Experience of the Trinity came first, the doctrine and doctrinal orthodoxy later.
- A Church freed from anxiety and fear: anxiety about its own future and fear of the world.
Not forgetting Thomas Merton’s question: ‘Where am I going to look for the world first of all if not in myself?’.[1]
- A Church living St Paul’s ‘one another’ agenda: encouraging, loving, forgiving, accepting, supporting, praying for …….. each other.
Saying the Lord’s Prayer from the heart – and living that Prayer – is an important first step.
- A Church committed to worship which transforms,
and so helps us see each other, the Church, the world differently – through a deepening vision of and encounter with God.
- A Church of disciples embracing gladly the difficulties and hardship we would not have if we were not disciples.
That may mean sometimes distinguishing what God is asking of us from what the Church is expecting of us!
- A Church which lives in Christ and speaks of Christ – loving God and everyone and everything in God.
‘Christian’ (3 times in the NT) is the outward label; life ‘in Christ’ (everywhere in John, Paul and other NT letters) is the inward reality.
- A prophetic Church committed to justice and speaking truth to power.
How will the poor hear the gospel otherwise – and the Bible speaks even more about justice than about love.
- A Church re-discovering the heights and depths of prayer, including silence and contemplation.
Does our praying sometimes betray the anxiety which Jesus condemns in the Sermon on the Mount: ‘(they) imagine that the more they say the more likely they are to be heard’?
- A Church which looks in hope for the renewing of creation and the final revelation of Christ.
‘The Last Things’, even if interpreted differently today, remain an integral part of our faith.
- And all this in the closest possible fellowship with our brothers and sisters of other Christian traditions.
Can we draw closer to God unless we draw closer also to them?
Omitted from this list! References to
- Membership figures and evangelism
Linking membership figures with evangelism risks turning evangelism into proselytizing. Evangelism is not so much trying to make new Christians as unselfconsciously living and speaking Christ, and letting the Holy Spirit do (much of?) the rest.
- Kingdom values
A vague, slippery concept – hardly a scriptural idea. The Gospel is about truth (i.e. reality) not values (E. Jungel[2]).
- Relevance
The relevance of God, of worship, of the Gospel itself is axiomatic, (as Bonhoeffer said of the Bible), like the air we breathe or the bread we eat. Attend to the fundamentals… (Matthew 6:33).
- Human Resources, whether money or people.
Scripture is noteworthy for what it omits and includes. Omitted: references to ‘supporting’ the Church, keeping the Church going, etc, etc. Included: a miracle story, narrated in different versions six times, of overwhelmed disciples enabled by the Jesus who multiplied their meagre resources to feed a great crowd.
And finally:
The Inescapable Reality of God.
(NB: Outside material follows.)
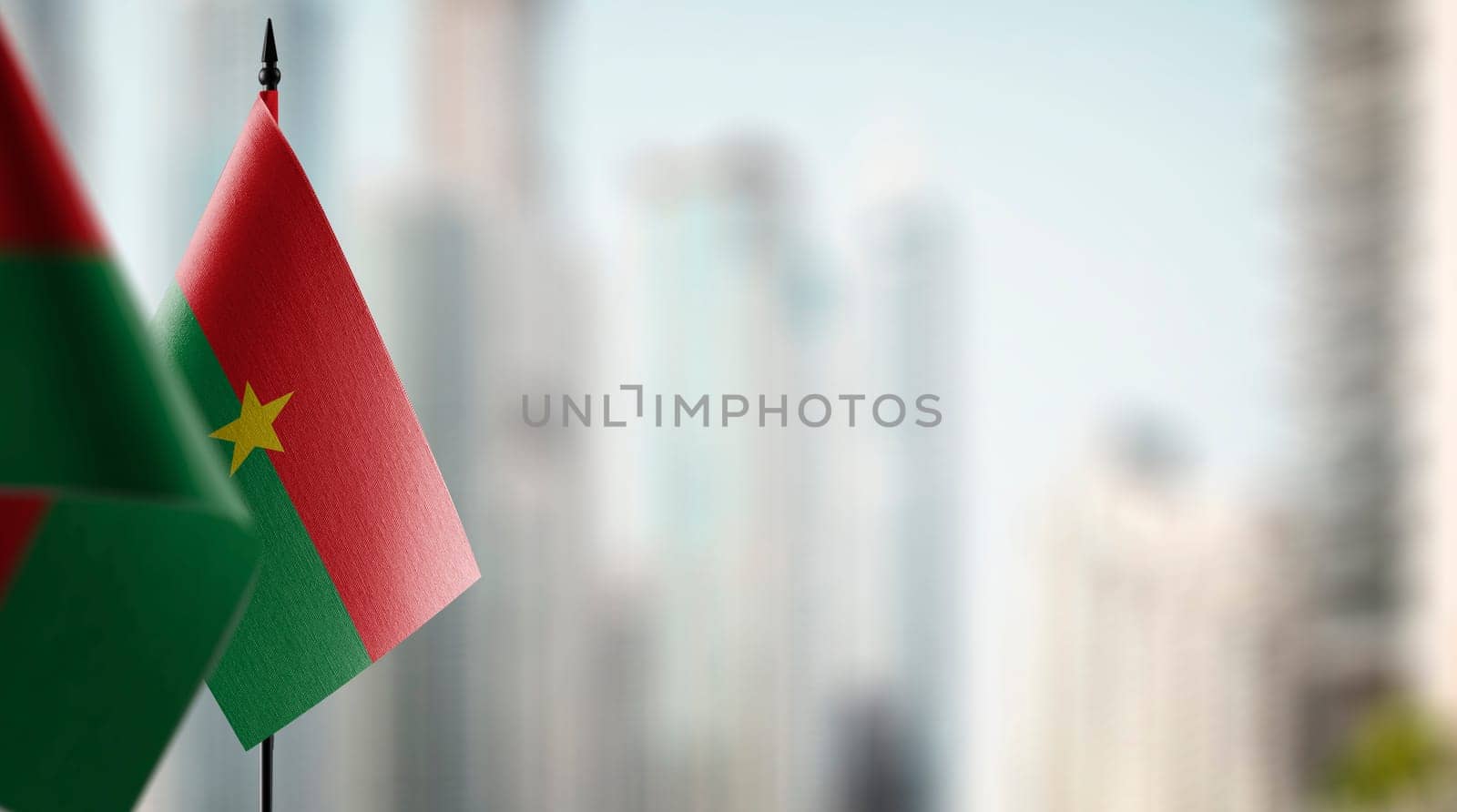 Small flags of the Burkina Faso on an abstract blurry background.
That is where the Bible starts and finishes – from the Garden of Eden to the heavenly Jerusalem, including the destruction of ‘Babylon’. Instead of church-centred thinking, we need God-centred thinking, living, praying and mission. Church-centred evangelism becomes recruiting, self-centred praying talking to ourselves and each other, rather than waiting upon God.
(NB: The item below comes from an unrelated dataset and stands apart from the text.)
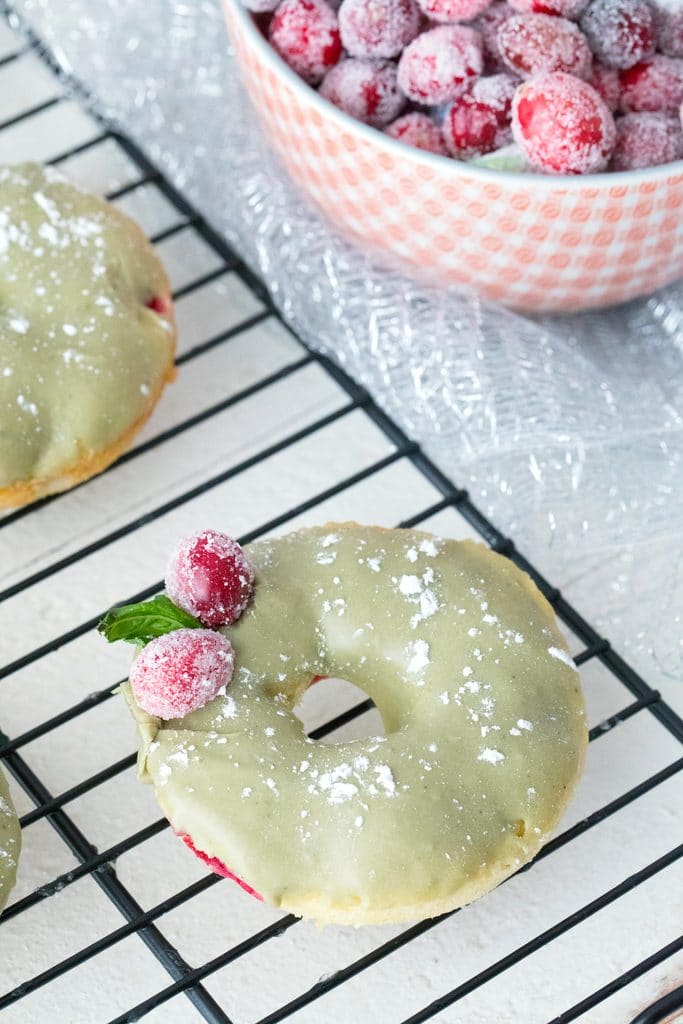 Overhead view of cranberry matcha donut on a baking rack with bowl of sugared cranberries in background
The inescapable reality of God may yet be the destruction of us all. If we do not breathe this air and eat this bread, how can it be otherwise? Think of climate change, the nuclear threat, the obscene expenditure on armaments, the iniquitous suffering of the poor in bloated, unequal societies. The inescapable reality of God means we reap what we sow.
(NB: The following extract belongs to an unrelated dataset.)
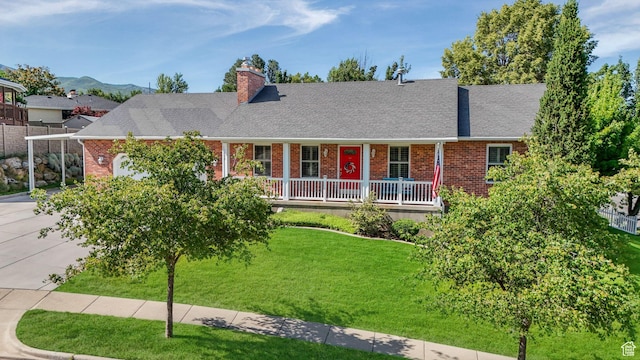 1138 Briggs Dr, Bountiful, UT 84010 - view of front facade with brick siding, a chimney, a front lawn, and roof with shingles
But this isn’t where we start in preaching the Gospel. Yet – as a great American Wesleyan scholar, Albert Outler, said – ‘the Gospel hasn’t been preached until it’s been heard’. Can we, with God’s help, searching the Scriptures, waiting on God, and sharing ‘the fellowship of Christ’s sufferings’, re-discover the Gospel for our generation?
[1] T. Merton, ‘Is the World a Problem?’ in Contemplation in a World of Action (Unwin Paperbacks 1981), p.145.
[2] Eberhard Jungel, Theological Essays II, (T&T Clark 1995), pp.191-215.